Mr Morgan had formed Celox Limited ("Celox") in 1996 to carry out business in an allied area. The Defendant joined Celox as a director in 1999 and ultimately in 2001 Mr Morgan and the Defendant assigned their interest in the IPR to Celox and Celox was then substituted as applicant in a European Patent Application originally issued in the name of the Defendant and Mr Morgan. It was first this application and then the patent that was granted on this application in 2005 that constituted the IPR.

9

In or about July 2000, Celox developed a commercial relationship with a company that ultimately came to be called Oxonica Limited ("Oxonica"). The purpose of this relationship was to enable Celox to benefit from the expertise that Oxonica claimed to have in the field of nanoparticle technology. Thereafter there was a debate as to how the relationship between Celox and Oxonica should be formalised. The detail surrounding this debate is immaterial for present purposes. However it was agreed in principle that Oxonica would exploit the IPR commercially in return for various payments to Celox including a royalty, a profit share and initial and milestone capital payments. A risk was identified that Celox might become involved in litigation commenced by Nanophase Inc., a US based supplier of the raw material which the IPR exploited.

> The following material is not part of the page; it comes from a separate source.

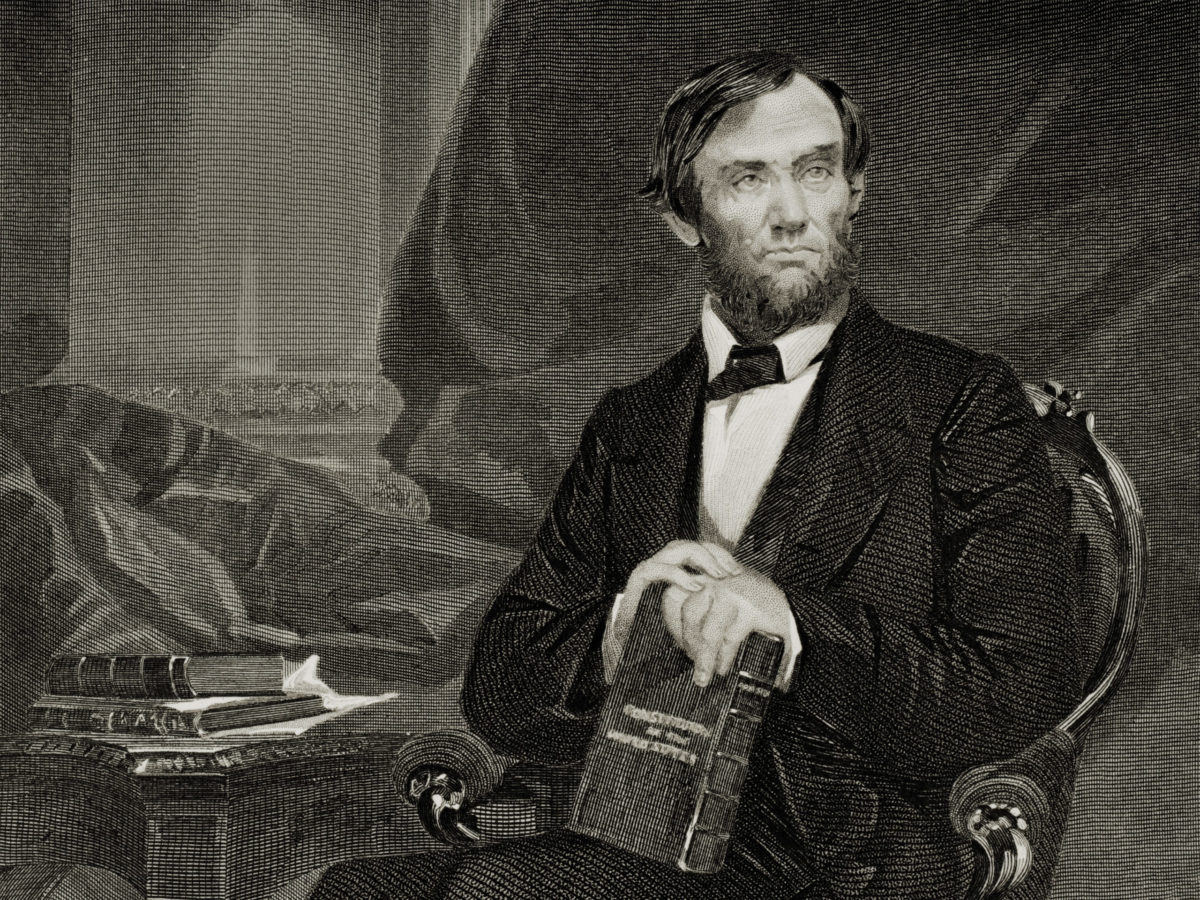 Abraham Lincoln posing with books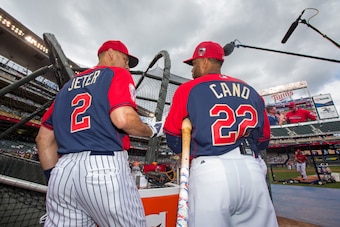 MINNEAPOLIS, MN - JULY 15: American League All-Star Derek Jeter #2 of the New York Yankees talks with Robinson Cano #22 of the Seattle Mariners during the 85th MLB All-Star Game at Target Field on July 15, 2014 in Minneapolis, Minnesota. (Photo by Brace H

The Defendant's evidence was that in order to avoid any risk to Celox's main asset (the IPR) from such litigation, he and Mr Morgan decided to transfer the IPR to a new corporate entity. This was not disputed and I accept it. In fact Celox did become involved in such litigation ("Nanophase Litigation") and Mr Morgan incurred some personal expenditure in funding the defence of that claim. Later he sought to recover those costs from NL. His recovery of those costs from NL is the foundation of one of NL's claims in these proceedings. The Defendant's evidence was that he left it to Mr Morgan to handle the incorporation of an appropriate corporate entity to hold the IPR and that it was Mr Morgan who chose the Commonwealth of Dominica as the jurisdiction in which it was to be incorporated. I accept that evidence. There is no evidence to contrary effect. Why Mr Morgan chose that jurisdiction is not at all clear but I consider it is likely that he chose it because he considered it to be tax efficient. On 30 November 2001, NL was incorporated and on 3 December 2001 Celox assigned the IPR to NL.

10

At about the same time Oxonica incorporated RMBKNE5 Limited. The purpose of this was to enable NL to licence RMBKNE5 Limited to use the IPR in return for a royalty and other financial benefits. The licencee could as easily have been Oxonica but those controlling Oxonica decided against...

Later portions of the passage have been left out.